PROVIDED ENTRIES

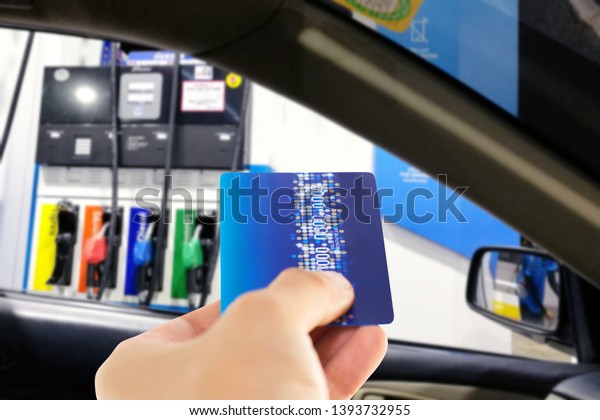 Man in car use credit card to make a payment for\
refueling car on gas\
station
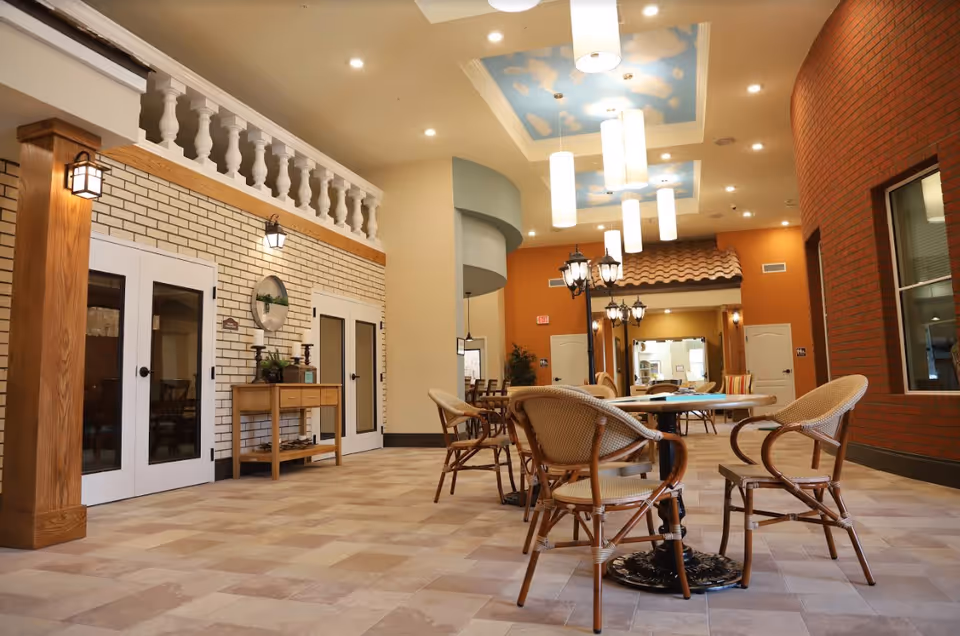 Interior view of a senior living facility common area with wicker chairs and round tables on a tiled floor. The walls feature a mix of white brick, orange paint, and red brick. The ceiling has decorative light fixtures and a painted sky with clouds. There is a small wooden console table against the wall and a streetlamp-style light fixture near the tables.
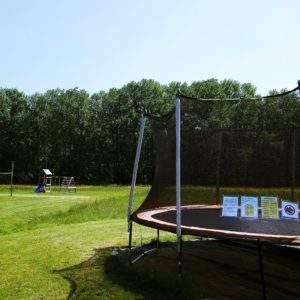 Hébergement insolite : un trampoline dans un grand espace vert, entouré darbres.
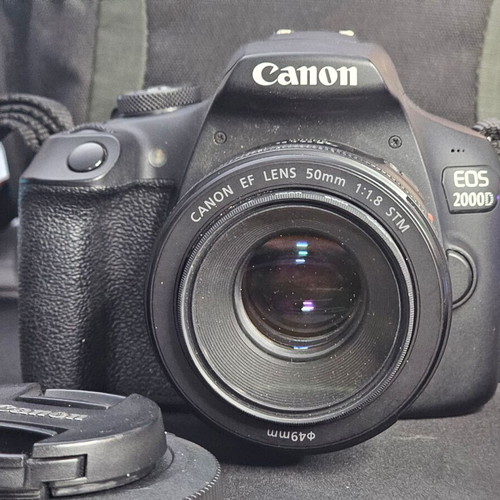 Canon EOS 2000D DSLR camera kit like new with 50mm f/1.8 STM and 18-55 IS lenses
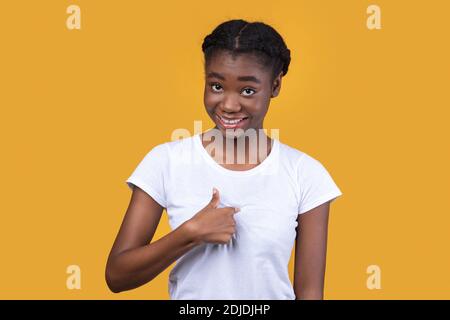 Sorridente giovane donna africana che punta il dito verso se stessa, Studio Shot Foto Stock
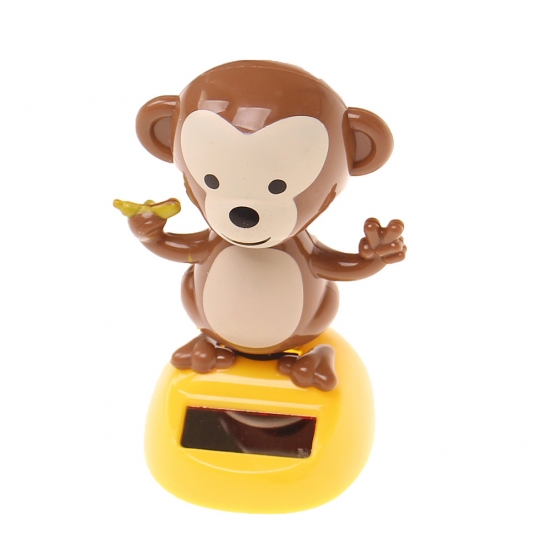 Szoláris táncoló dekoráció majom banánnal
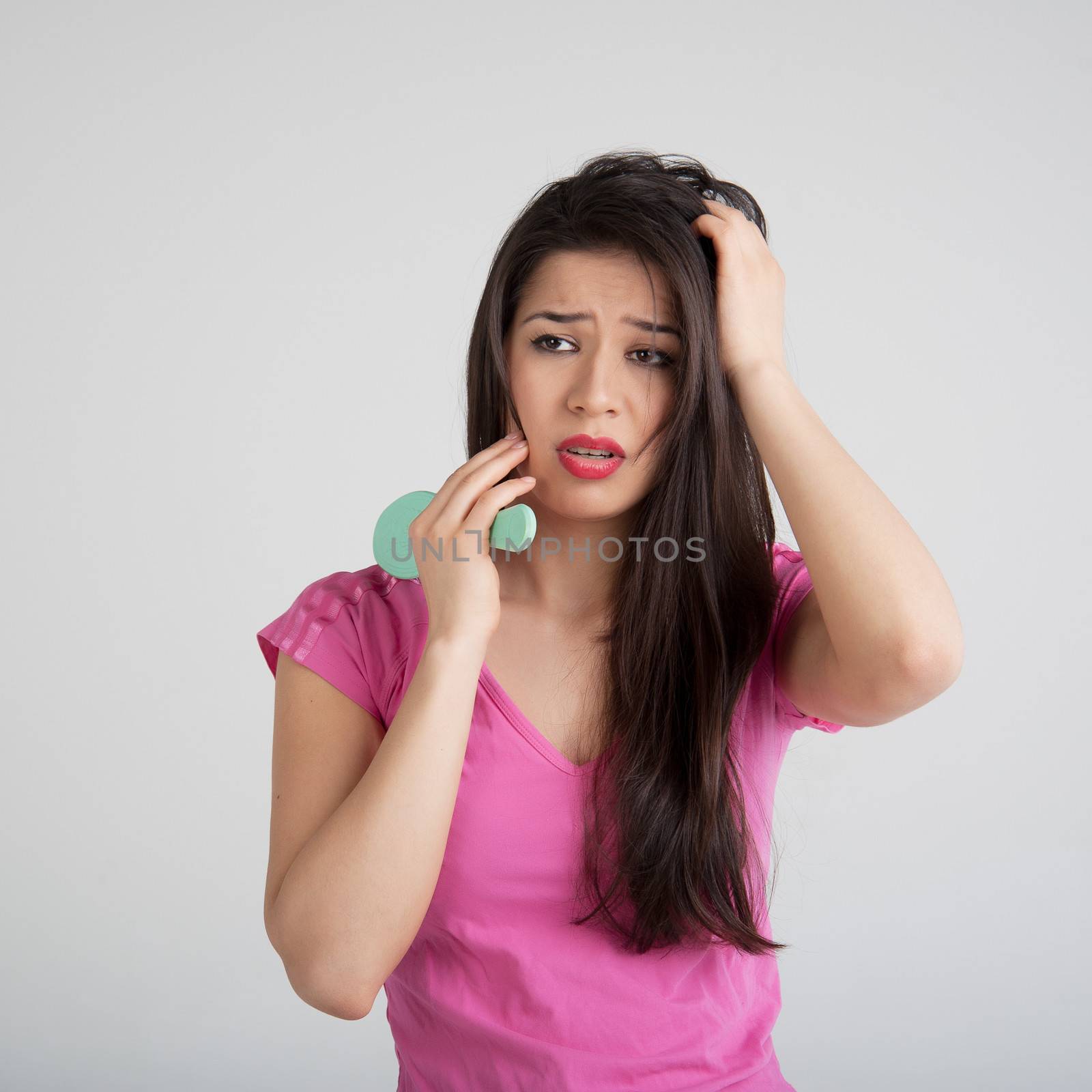 shocked woman losing hair on hairbrush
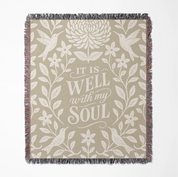 Earthtone green and cream woven blanket with “It is well with my soul,” birds, and floral accents; 100% cotton Christian throw with fringe for peaceful home décor.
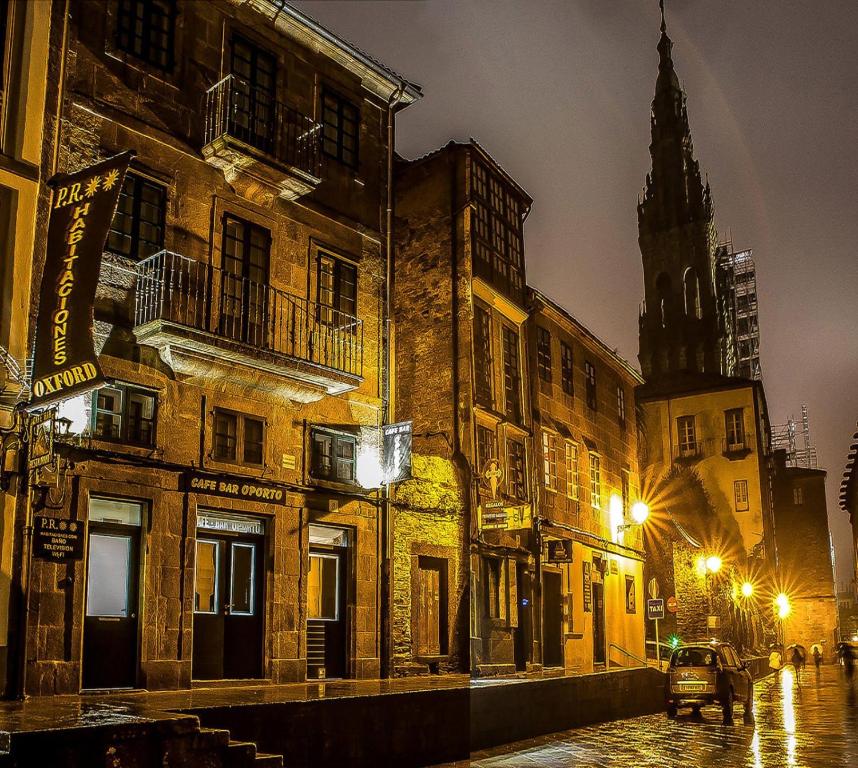 a city street at night with a church at Oxford Suites Santiago de Compostela in Santiago de Compostela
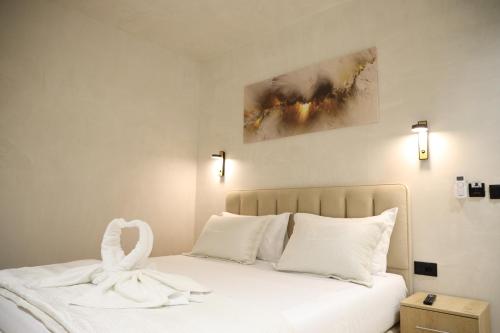 a white bed with a white swan on it at Rooms Kruja City in Krujë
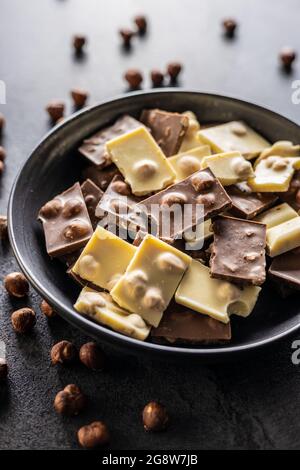Cioccolato bianco noci e scuro con nocciole sul piatto. Foto Stock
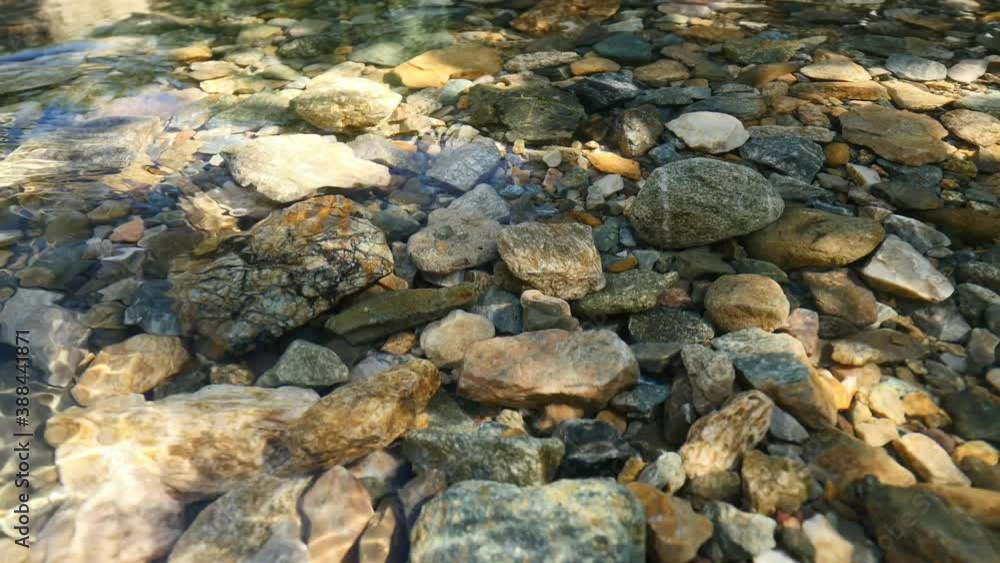 Clear river water and underwater pebble stones Clear river water and underwater pebble stones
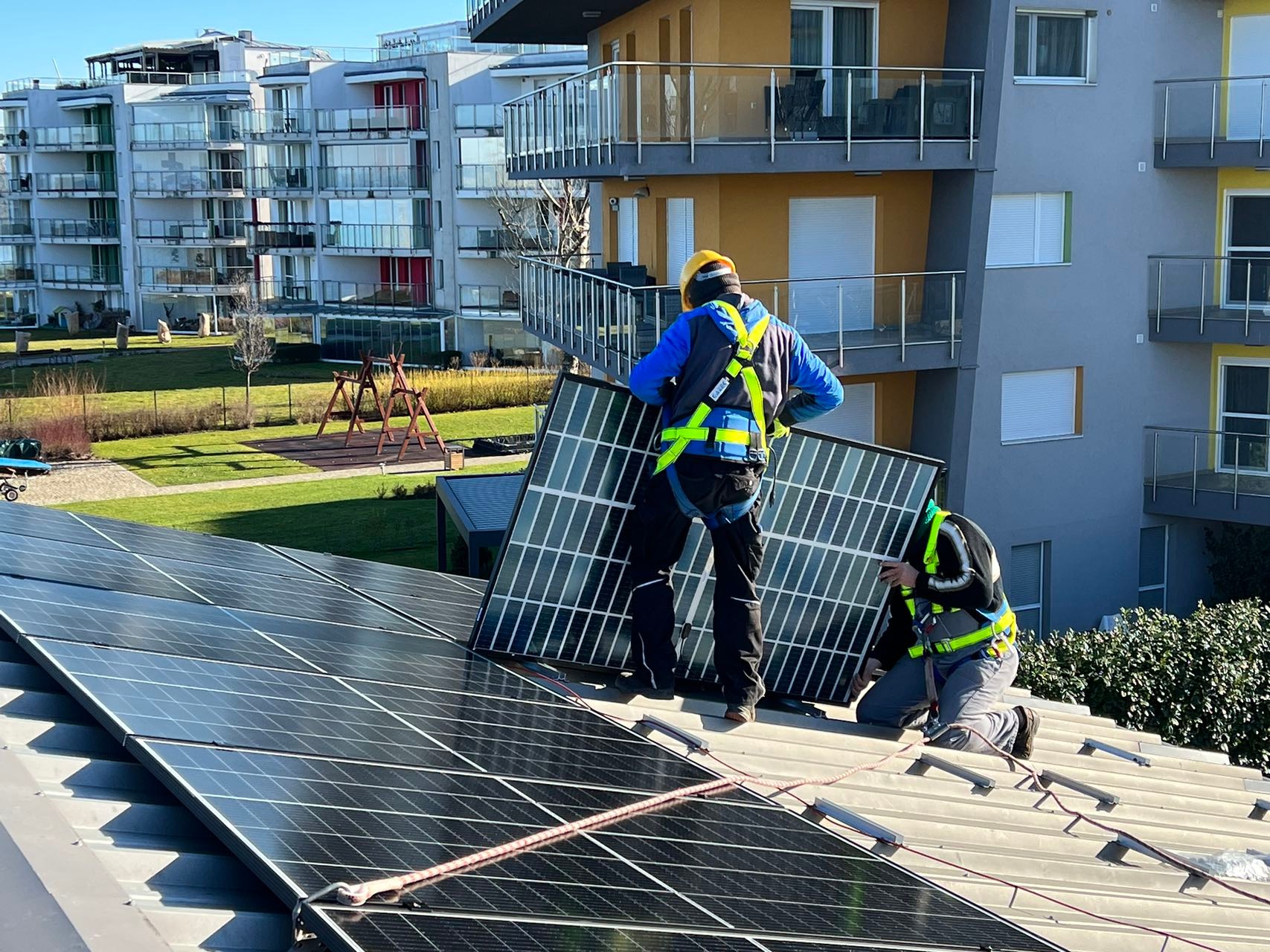 Dwóch instalatorów w uprzężach zabezpieczających montuje panel słoneczny na dachu budynku mieszkalnego; w tle widoczne kolejne budynki i plac zabaw.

TASK STATEMENT
Where the line with "Earthtone green and" appears, begin there and transcribe exactly through the last line of the data, leaving all pictures aside.

ANSWER AREA
 Earthtone green and cream woven blanket with “It is well with my soul,” birds, and floral accents; 100% cotton Christian throw with fringe for peaceful home décor.
 a city street at night with a church at Oxford Suites Santiago de Compostela in Santiago de Compostela
 a white bed with a white swan on it at Rooms Kruja City in Krujë
Cioccolato bianco noci e scuro con nocciole sul piatto. Foto Stock
 Clear river water and underwater pebble stones Clear river water and underwater pebble stones
 Dwóch instalatorów w uprzężach zabezpieczających montuje panel słoneczny na dachu budynku mieszkalnego; w tle widoczne kolejne budynki i plac zabaw.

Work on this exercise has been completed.